As the aversion to this kind of waste increases, so too does the desire for increased coordination ahead of time in order to better facilitate the handoffs and decrease the risk of things going back upstream.

Priority ambiguity

Handoffs invite ambiguity regarding priority and make it unclear what the top priority actually is, unless only one thing is allowed to be in a phase at any given time (which would require a lack of passbacks). Even if you always drop what you’re doing when the true top priority comes through, you still have to context switch back to it, and then again after you finish back to whatever it was you were doing before.

Power dynamics

The power dynamics change, favoring those upstream over those downstream. Since the whole system is based on the notion that work is to either make it through without issue, or go back upstream if issues are found, there’s a built-in excuse for those upstream when their work is revealed to be less than perfect. This lets them push subpar work downstream to whatever end they desire.
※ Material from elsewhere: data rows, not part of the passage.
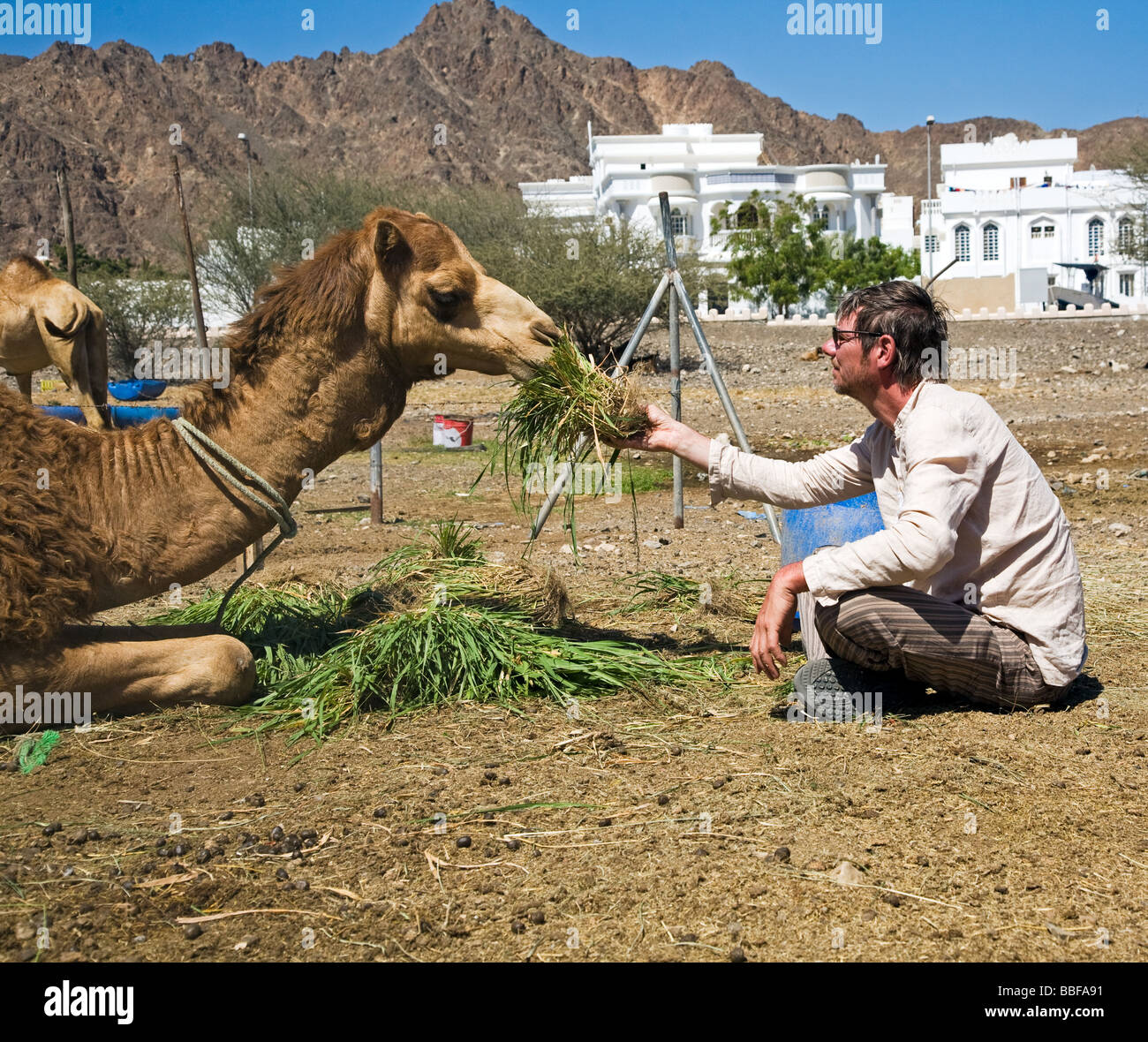 Alimentazione turistico camel nella capitale del sultanato di Oman, Muscat Maskat füttert turistica Kamele in der Hauptstadt Foto Stock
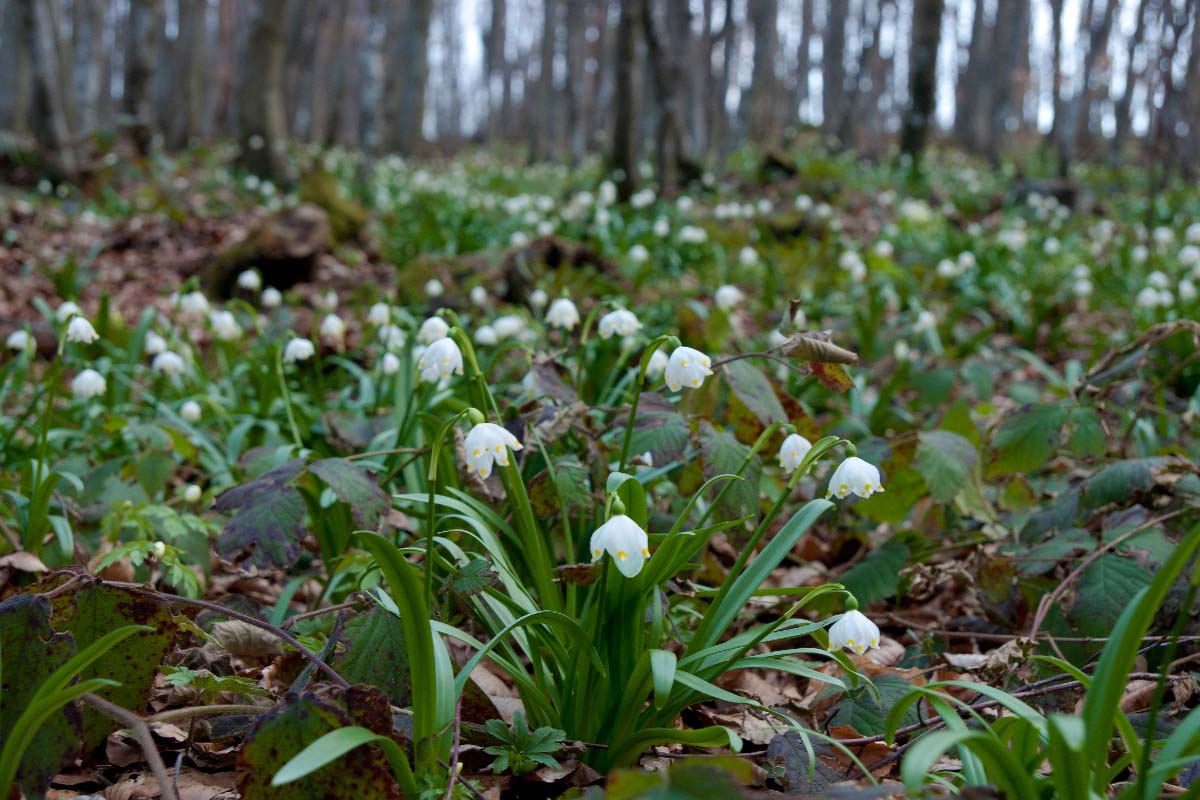 PROLJETNI DRIJEMOVAC42 24 03 12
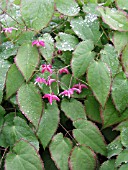 EPIMEDIUM RUBRUM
For example, “isn’t that what QA is for?” or “this is why we asked the engineer if this made sense before they started implementing it.”

It’s simply easier for those upstream to come up with excuses, than those downstream.

Some organizations try to combat this by encouraging those downstream to push back and say “no”, but they also often undercut this directive with competing directives. For example, “I’m not looking for something perfect. We need something just good enough.” or “we have to hit these deadlines.” They may also undermine it by using KPIs or rewarding workers for “getting it done” rather than saying “no”. Or it could simply be undercut by giving everyone the impression that everyone should always be working.

Increased pressure

Regardless of the nature of the dynamics, the fact remains that in a phased development process, where work flows downstream but can also feed back upstream, the pressure will continue to increase over time on those downstream.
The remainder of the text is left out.